== EXERCISE MATERIAL

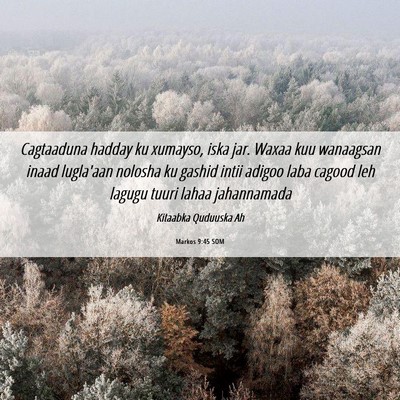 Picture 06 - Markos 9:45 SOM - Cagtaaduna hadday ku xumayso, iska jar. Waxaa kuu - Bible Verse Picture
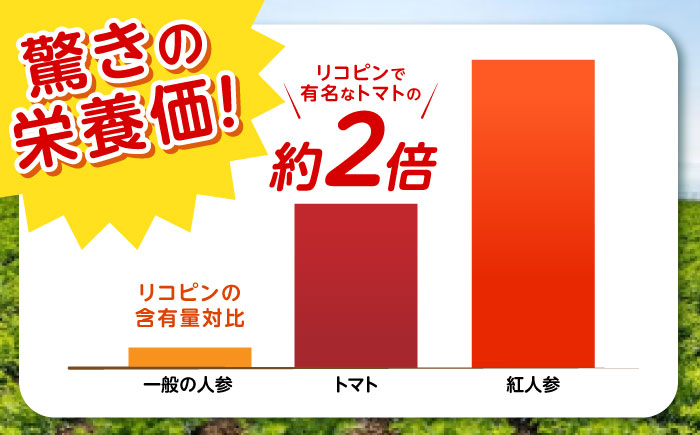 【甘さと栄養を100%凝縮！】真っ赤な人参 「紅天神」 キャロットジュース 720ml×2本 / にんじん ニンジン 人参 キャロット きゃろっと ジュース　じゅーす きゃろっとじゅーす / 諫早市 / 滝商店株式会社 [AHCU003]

====
== EXERCISE MATERIAL

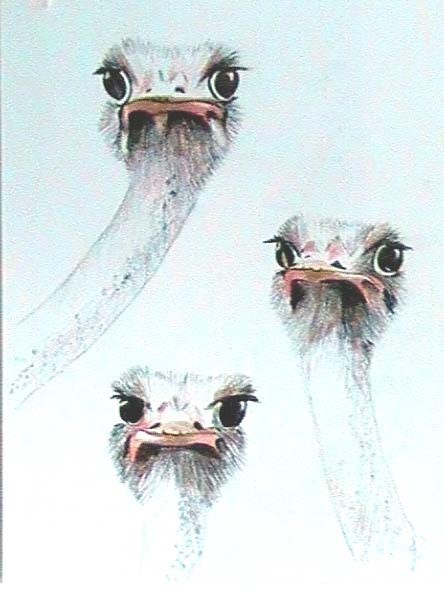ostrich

====
== EXERCISE MATERIAL

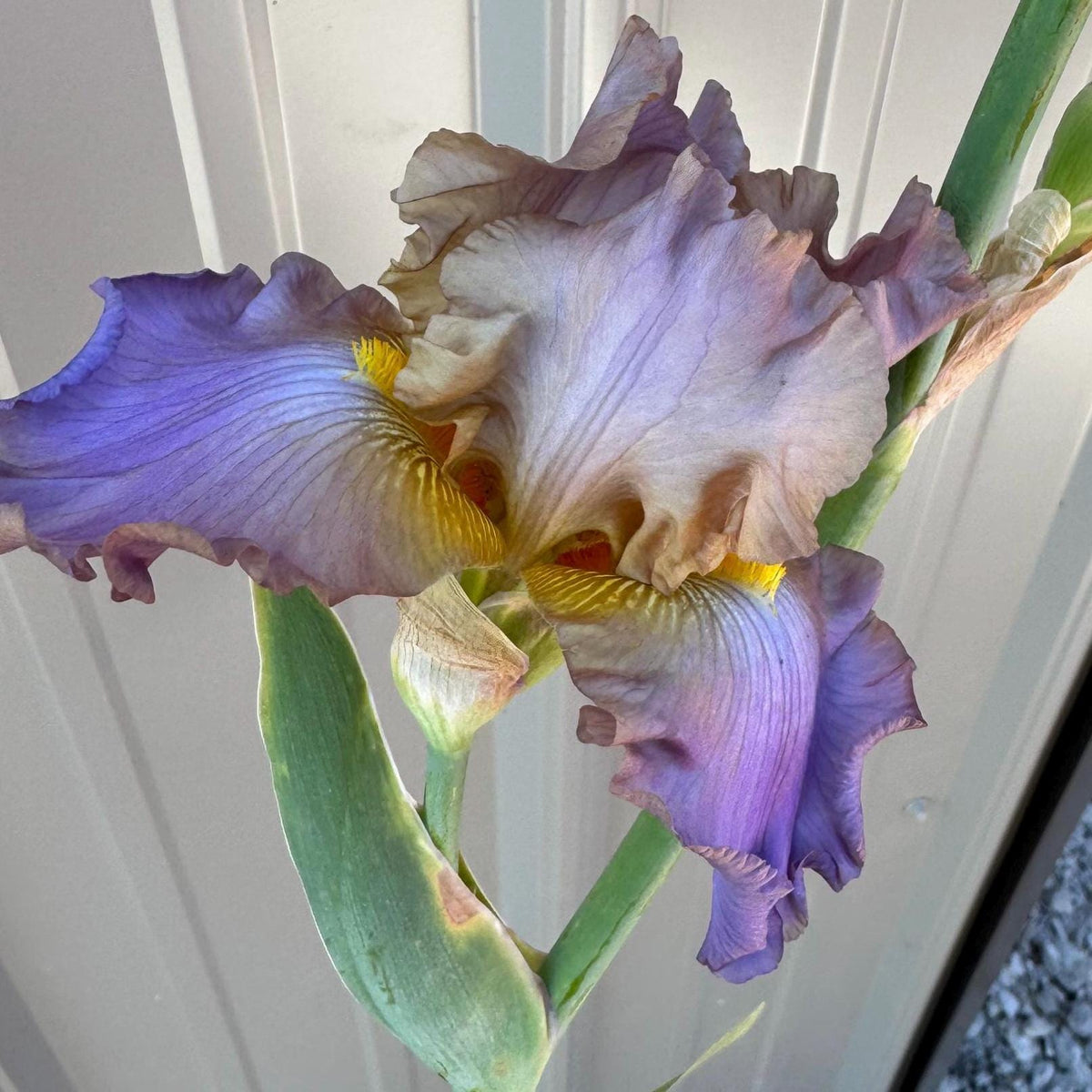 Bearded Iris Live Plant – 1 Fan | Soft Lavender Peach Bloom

====

- ACTION ITEM -
When you reach the line with "Picture 06 - Markos" in the records above, start writing out each line exactly, and stop after the line with "諫早市 / 滝商店株式会社 [AHCU003]". Pictures stay out.

- SOLUTION TO THIS PROBLEM -
 Picture 06 - Markos 9:45 SOM - Cagtaaduna hadday ku xumayso, iska jar. Waxaa kuu - Bible Verse Picture
 【甘さと栄養を100%凝縮！】真っ赤な人参 「紅天神」 キャロットジュース 720ml×2本 / にんじん ニンジン 人参 キャロット きゃろっと ジュース　じゅーす きゃろっとじゅーす / 諫早市 / 滝商店株式会社 [AHCU003]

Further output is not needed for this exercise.